▶ [Work order] Could you repeat the entries below exactly, but only from the line with "Ağustosböceği Ciltli - Shaun Tan" through the line with "ORGUEIL（オルゲイユ）ORGUEIL (オルゲイユ) Ulster", and without any picture?

▶ [Given data]
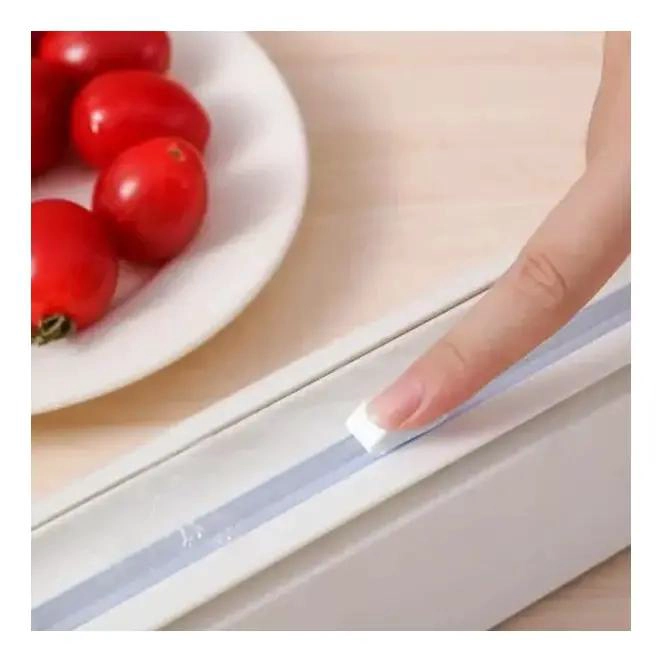DISPENSADOR CORTADOR DE FILM Y PAPEL ALUMINIO PARA COCINA - 4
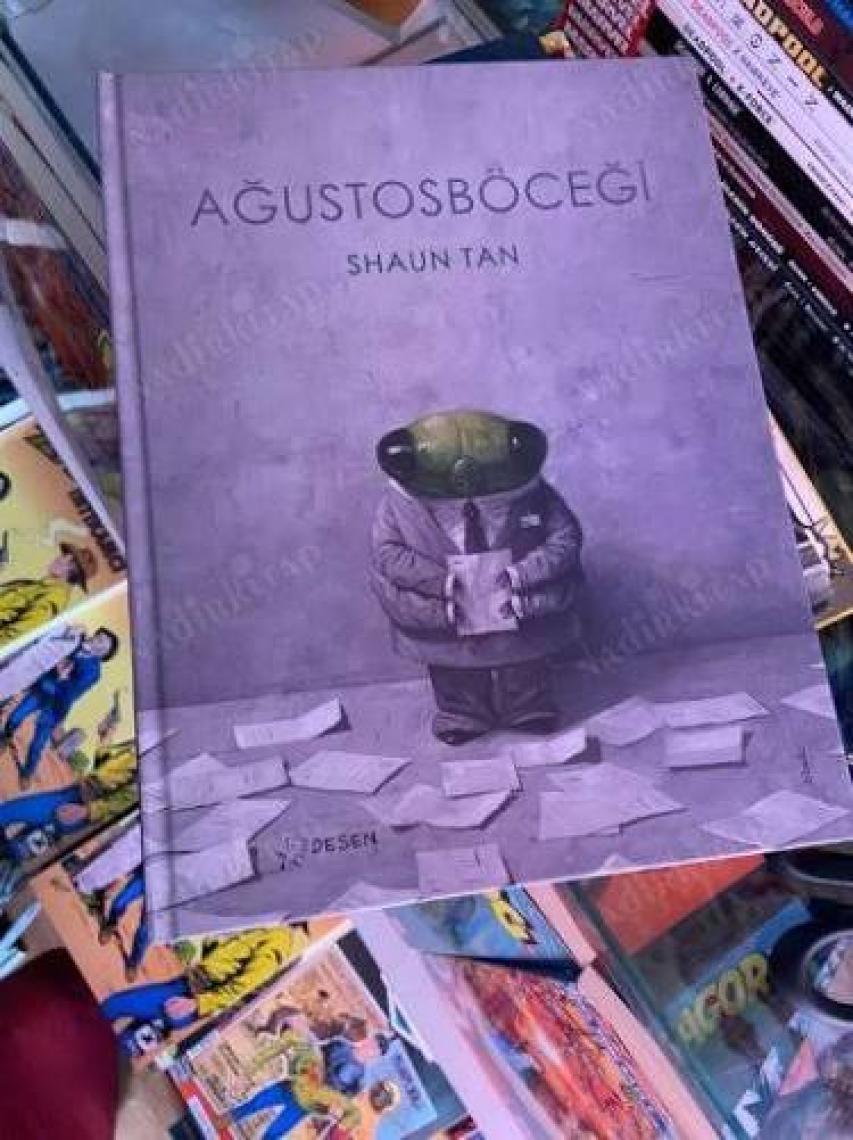 Ağustosböceği Ciltli - Shaun Tan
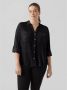 Vero Moda Curve Overhemdblouse VMBUMPY L S SHIRT NEW CURVE GA NOOS - Thumbnail 3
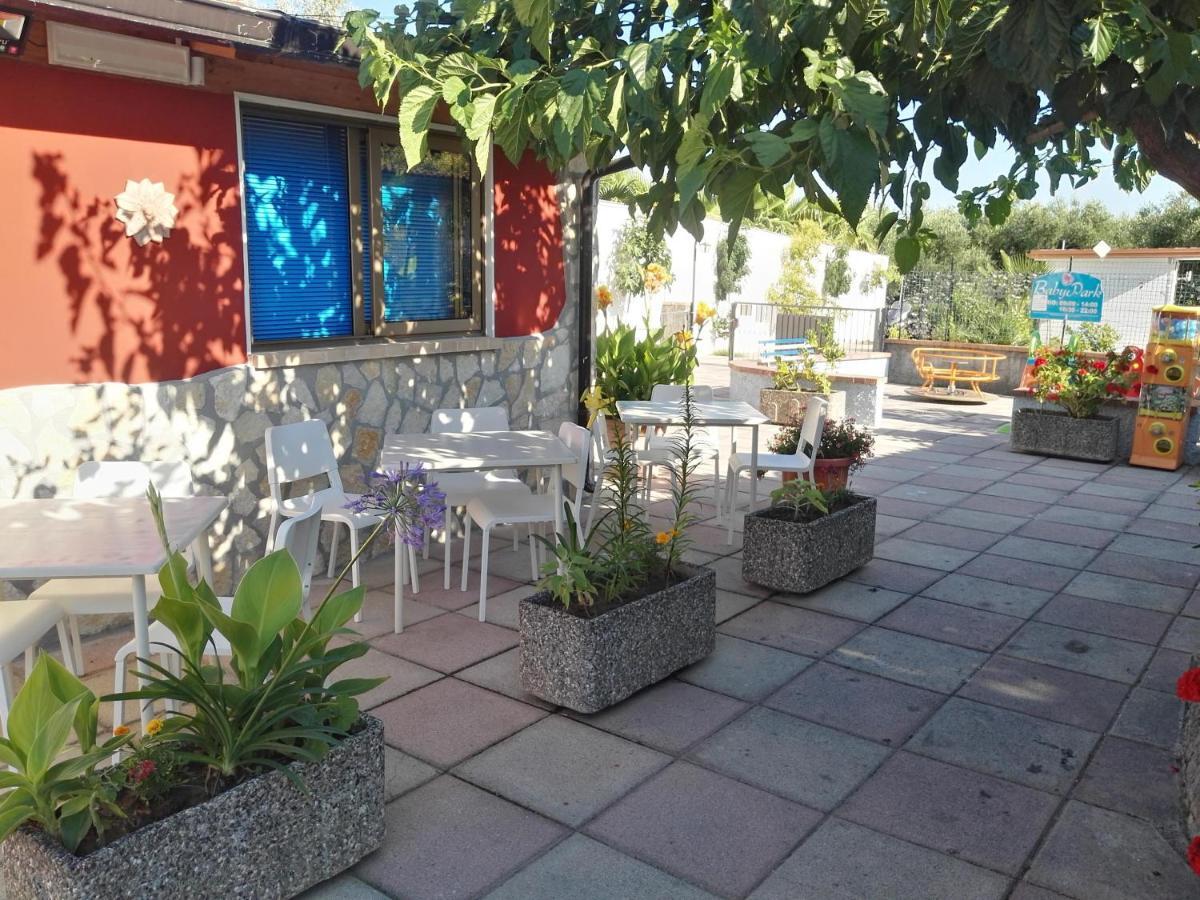 מרינה די קמרוטה Villaggio Romaniello מראה חיצוני תמונה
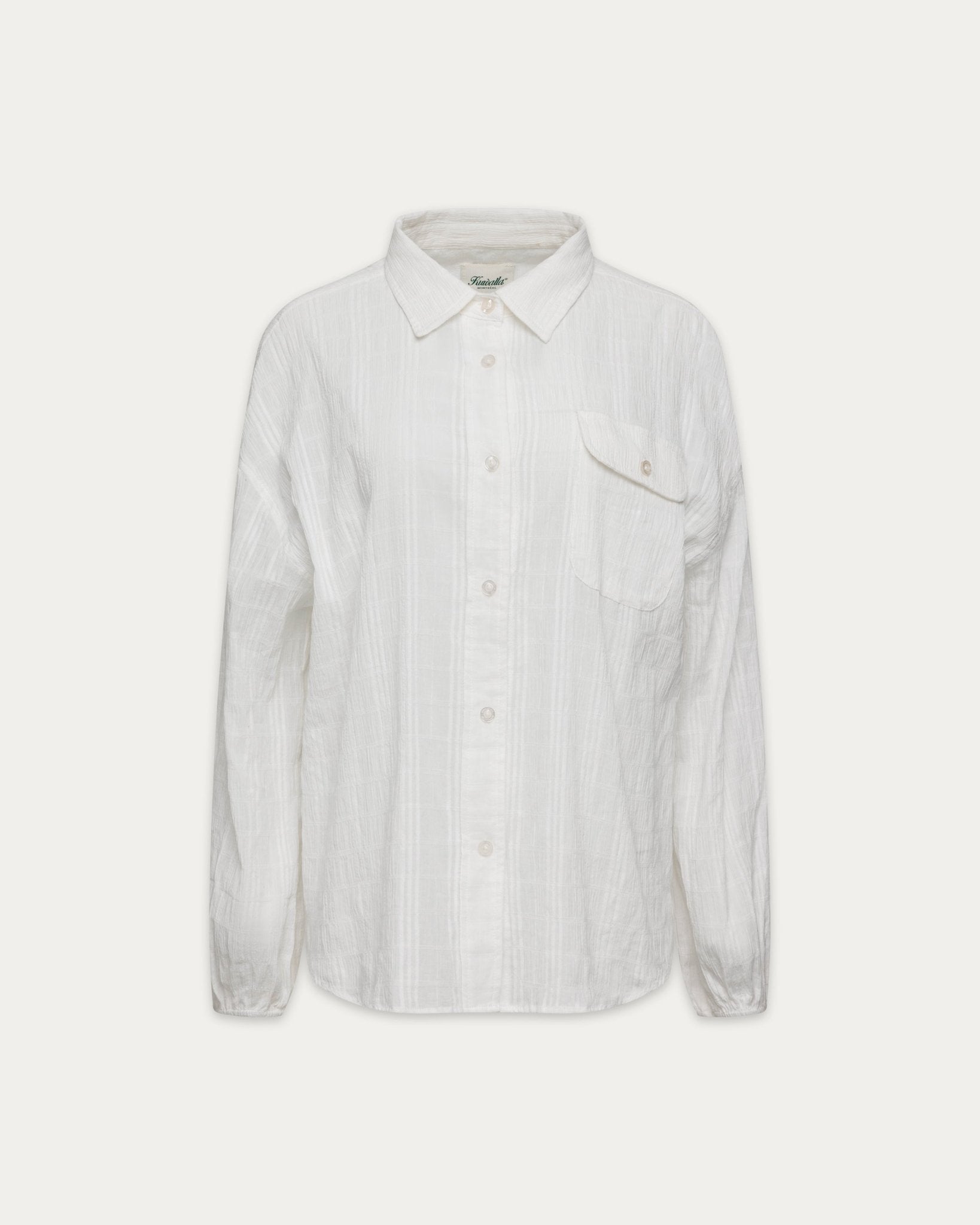 Florence Smocking Shirt
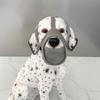 Breathable Dog Mesh Muzzle Adjustable Strap Anti Biting Pet Training Muzzle Prevent Barking Dog Muzzle Buckle Outdoor Use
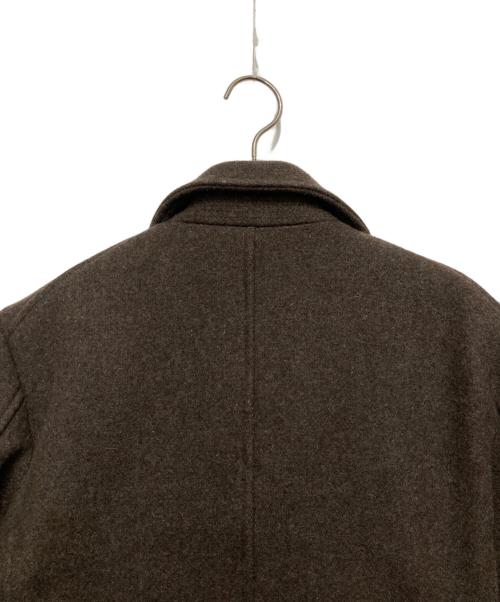 ORGUEIL（オルゲイユ）ORGUEIL (オルゲイユ) Ulster Jacket ブラウン サイズ:SIZE 40の古着・服飾アイテム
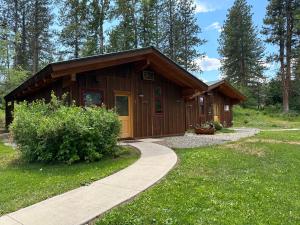 Zahrada ubytování Chewuch Inn & Cabins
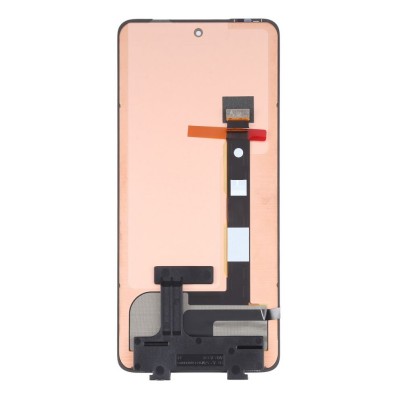 Lcd With Touch Screen For Motorola Moto G52 Black By - Maxbhi Com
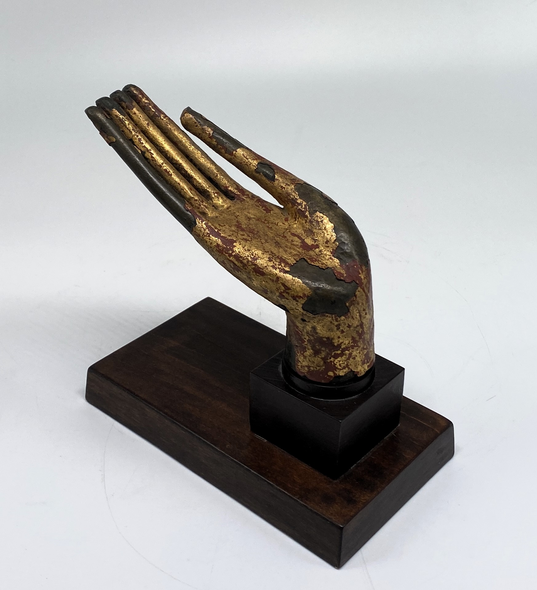 Antique sculpture "Buddha's Hand"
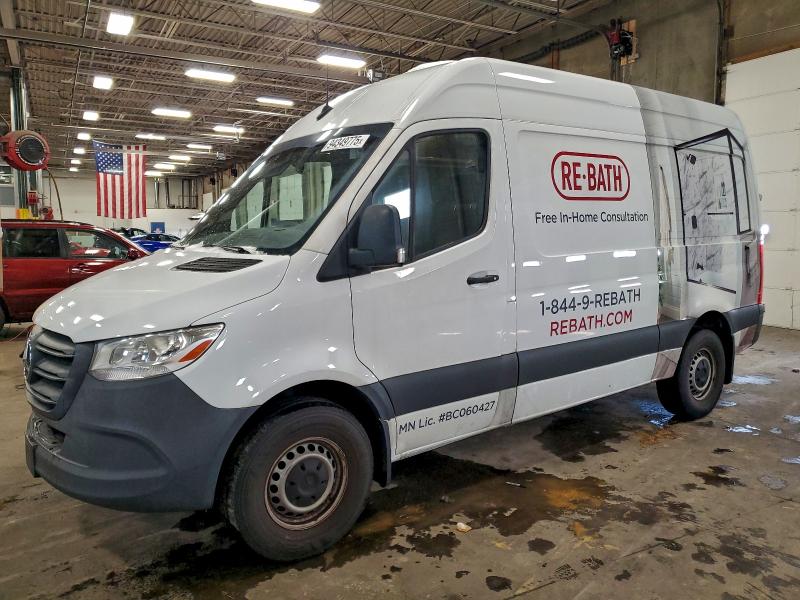 2022 MERCEDES-BENZ SPRINTER 2 — VIN W1Y4DBHY4NT097555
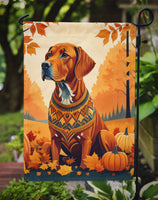 Vizsla Fall Garden Flag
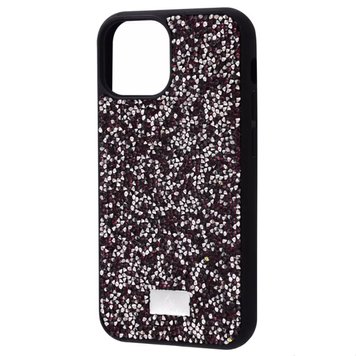 Чохол Bling World Grainy Diamonds для iPhone 13 Purple/Silver - ash-mobile.com.ua - фото 1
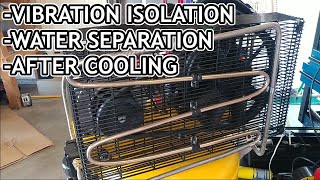 DeWALT Air Compressor Upgrades Part 1: Aftercooling, Water Separation, and more!
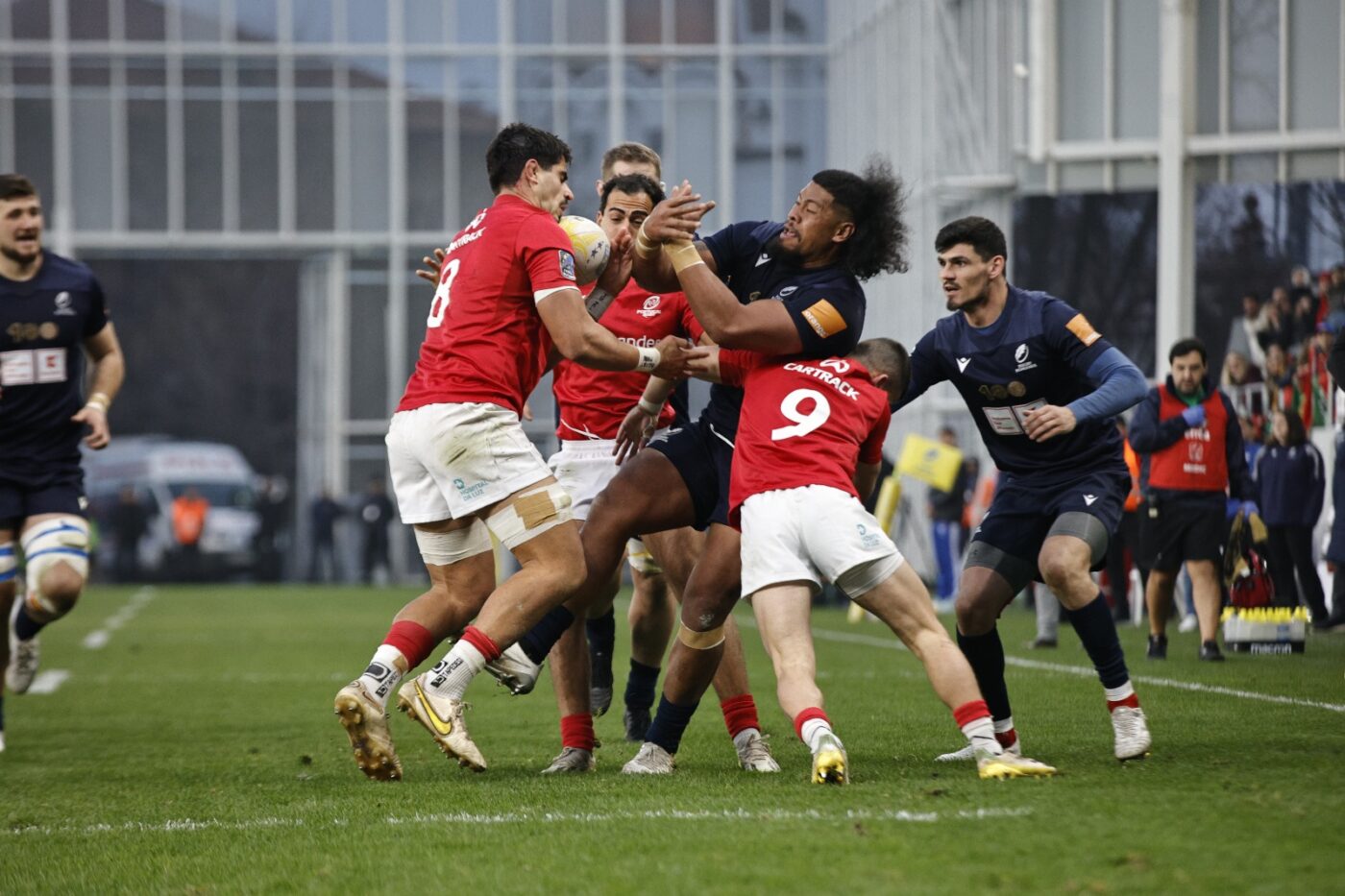 A doua zi din 2025, start pentru naționala de rugby! În 6 săptămâni știm dacă vom merge la Cupa Mondială din 2027, din Australia. „Să nu facem pași greșiți”. SPECIAL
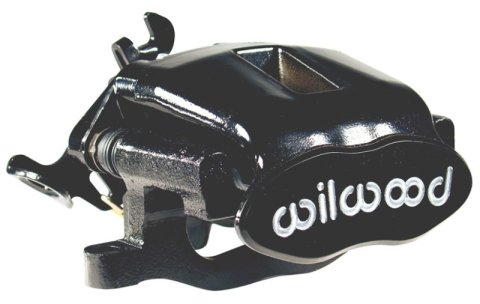 Wilwood Caliper-Combination Parking Brake-L/H-Black 34mm piston .81in Disc thumbnail 1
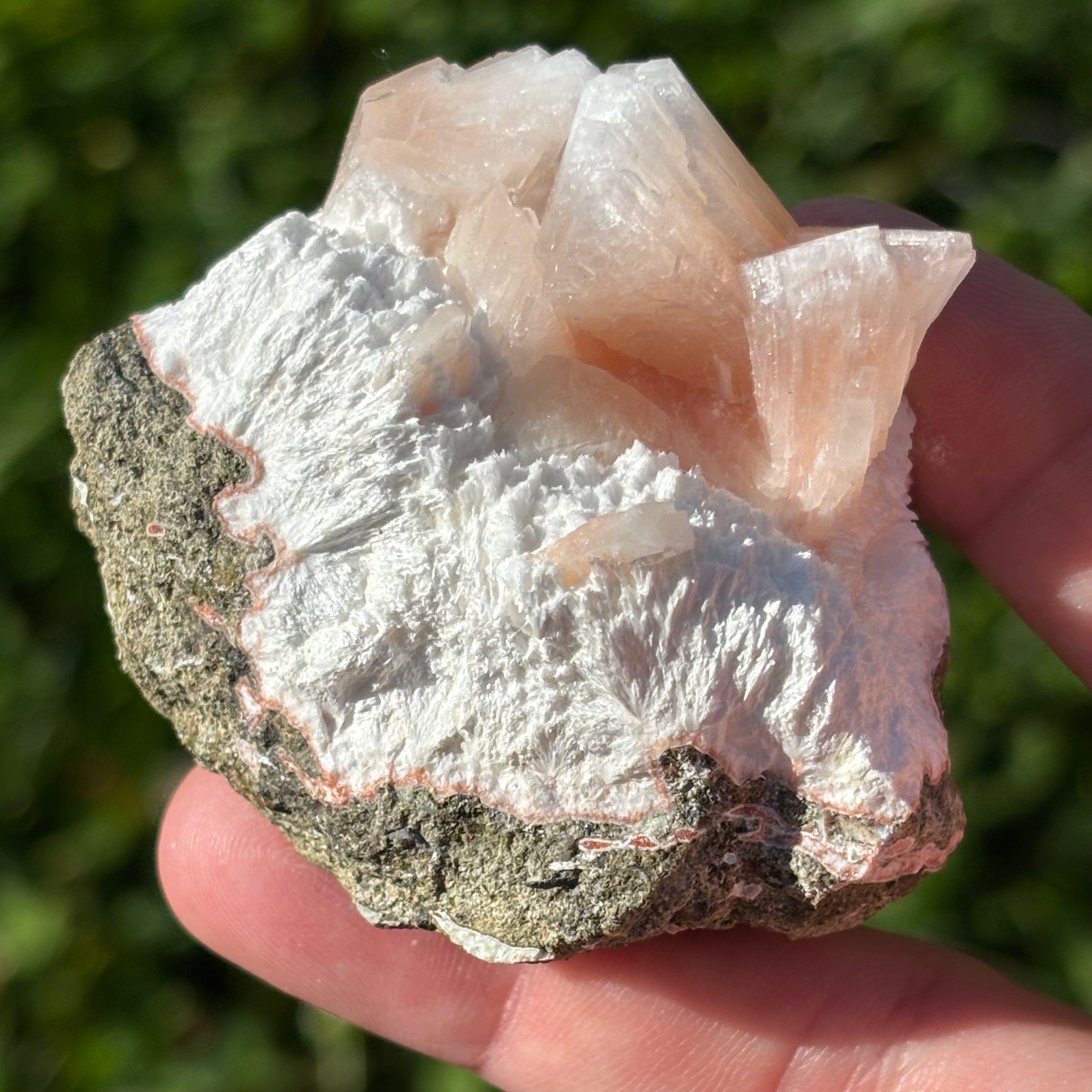 Lepidolite and Zeolite Natural Pairing - 009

▶ [Answer space]
 Ağustosböceği Ciltli - Shaun Tan
 Vero Moda Curve Overhemdblouse VMBUMPY L S SHIRT NEW CURVE GA NOOS - Thumbnail 3
 מרינה די קמרוטה Villaggio Romaniello מראה חיצוני תמונה
 Florence Smocking Shirt
 Breathable Dog Mesh Muzzle Adjustable Strap Anti Biting Pet Training Muzzle Prevent Barking Dog Muzzle Buckle Outdoor Use
 ORGUEIL（オルゲイユ）ORGUEIL (オルゲイユ) Ulster Jacket ブラウン サイズ:SIZE 40の古着・服飾アイテム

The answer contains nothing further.